3. Dos pequeños cromos -3,8 x 5,5 cms- del Álbum Gallina Blanca, serie 73, dedicada a las Cavas Canals & Nubiola. En el dorso aparecen los detalles de la colección y la dirección de Gallina Blanca, Pº General Mola 91. Tfno: 282349, para que quienes lo deseen puedan adquirir los cromos que les falten.



4. Un papel secante de Pelikan tinta estilográfica, tamaño tarjeta postal, con restos de tinta en el dorso y algún que otro dibujo, porque cualquier sitio era bueno para garabatear algo.

5. Un cartoncillo con la imagen de San José Oriol en la portada, con el rótulo de Cruz Roja Española, y en el dorso, un texto con indicaciones de servicios y teléfonos útiles. La figura del Santo estaba siluetada y pespunteada para que se pudiera separar sin romper del resto para formar un díptico en forma de escalera. Costaba una peseta, para ayuda a la obra de la Cruz Roja. Como en Internet se puede encontrar la portada, pongo el dorso, con las indicaciones de servicios y teléfonos en Barcelona y el precio.

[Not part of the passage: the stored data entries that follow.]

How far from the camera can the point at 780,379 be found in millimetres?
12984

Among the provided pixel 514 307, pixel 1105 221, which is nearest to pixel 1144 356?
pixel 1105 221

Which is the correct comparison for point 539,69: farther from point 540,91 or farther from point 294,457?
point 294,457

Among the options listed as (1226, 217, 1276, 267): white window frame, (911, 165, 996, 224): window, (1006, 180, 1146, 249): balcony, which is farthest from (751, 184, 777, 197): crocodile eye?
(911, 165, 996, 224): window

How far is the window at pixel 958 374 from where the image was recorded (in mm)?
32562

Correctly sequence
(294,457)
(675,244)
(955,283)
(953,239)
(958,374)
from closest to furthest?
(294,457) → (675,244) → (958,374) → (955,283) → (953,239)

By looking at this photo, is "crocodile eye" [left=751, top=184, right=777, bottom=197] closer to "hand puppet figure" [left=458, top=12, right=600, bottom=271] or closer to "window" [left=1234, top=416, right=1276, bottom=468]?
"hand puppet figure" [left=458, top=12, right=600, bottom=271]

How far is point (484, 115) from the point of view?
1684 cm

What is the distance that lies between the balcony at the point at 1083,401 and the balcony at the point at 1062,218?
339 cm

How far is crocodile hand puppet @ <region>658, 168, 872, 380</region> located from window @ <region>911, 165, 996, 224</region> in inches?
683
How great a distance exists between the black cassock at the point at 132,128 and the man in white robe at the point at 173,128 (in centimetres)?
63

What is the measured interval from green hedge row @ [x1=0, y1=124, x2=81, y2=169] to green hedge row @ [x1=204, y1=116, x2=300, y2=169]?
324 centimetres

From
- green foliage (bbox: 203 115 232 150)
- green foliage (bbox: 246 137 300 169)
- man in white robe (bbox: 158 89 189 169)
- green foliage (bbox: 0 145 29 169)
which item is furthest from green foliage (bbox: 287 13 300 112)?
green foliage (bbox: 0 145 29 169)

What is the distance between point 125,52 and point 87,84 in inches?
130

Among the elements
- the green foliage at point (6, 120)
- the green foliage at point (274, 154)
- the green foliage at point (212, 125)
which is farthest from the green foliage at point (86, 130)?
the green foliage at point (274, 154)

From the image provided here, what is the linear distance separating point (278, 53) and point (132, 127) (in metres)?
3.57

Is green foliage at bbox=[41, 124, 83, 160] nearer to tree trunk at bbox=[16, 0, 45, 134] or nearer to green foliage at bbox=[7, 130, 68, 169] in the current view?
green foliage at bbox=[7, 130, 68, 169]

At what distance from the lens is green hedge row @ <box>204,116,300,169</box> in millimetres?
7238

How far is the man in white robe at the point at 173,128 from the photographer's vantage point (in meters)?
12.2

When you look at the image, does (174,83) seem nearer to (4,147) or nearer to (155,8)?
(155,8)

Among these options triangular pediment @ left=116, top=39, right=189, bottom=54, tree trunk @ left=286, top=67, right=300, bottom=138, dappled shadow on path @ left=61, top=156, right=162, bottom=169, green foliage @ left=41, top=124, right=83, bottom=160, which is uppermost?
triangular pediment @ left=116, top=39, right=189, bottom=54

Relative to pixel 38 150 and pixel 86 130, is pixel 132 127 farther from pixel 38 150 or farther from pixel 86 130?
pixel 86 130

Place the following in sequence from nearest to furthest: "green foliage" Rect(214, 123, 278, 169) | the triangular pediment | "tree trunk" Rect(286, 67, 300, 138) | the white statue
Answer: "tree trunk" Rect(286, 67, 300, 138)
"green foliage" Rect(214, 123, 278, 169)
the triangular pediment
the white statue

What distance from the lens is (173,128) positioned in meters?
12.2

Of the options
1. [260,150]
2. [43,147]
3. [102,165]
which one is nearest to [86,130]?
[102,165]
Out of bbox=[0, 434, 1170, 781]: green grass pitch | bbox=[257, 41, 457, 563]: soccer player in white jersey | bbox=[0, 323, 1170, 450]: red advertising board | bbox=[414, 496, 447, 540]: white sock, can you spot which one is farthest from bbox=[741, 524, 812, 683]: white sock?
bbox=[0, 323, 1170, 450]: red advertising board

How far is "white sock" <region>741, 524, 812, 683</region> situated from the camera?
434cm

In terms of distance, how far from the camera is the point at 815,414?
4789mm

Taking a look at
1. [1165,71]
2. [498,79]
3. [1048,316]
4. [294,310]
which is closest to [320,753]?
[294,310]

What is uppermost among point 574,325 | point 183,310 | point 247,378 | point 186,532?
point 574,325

Para terminar, unos párrafos de la primera narración:

"Me llaman Marta y Jorge porque el hombre que me escribió tenía dos hijos con estos mismos nombres. Los tenía... Ya no los tiene...
No están más en la tierra; no puede decirles a ellos estas cosas, y habla para vosotros
En cada niño ve a Jorge; en cada niña ve a Marta.
¡Es la única forma en que puede consolarse de su pena!
... Es un hombre ya viejo que desea más que todo, que vosotros seáis felices.
... Trabaja todos los días, trabajó siempre...
Cuanto más viejo es, más se convence de que la alegría consiste en en trabajar en lo agradable y en cumplir cada uno su deber.
No ha conocido a ningún malo dichoso; a ningún holgazán sano y alegre.
Vosotros tampoco los conoceréis..."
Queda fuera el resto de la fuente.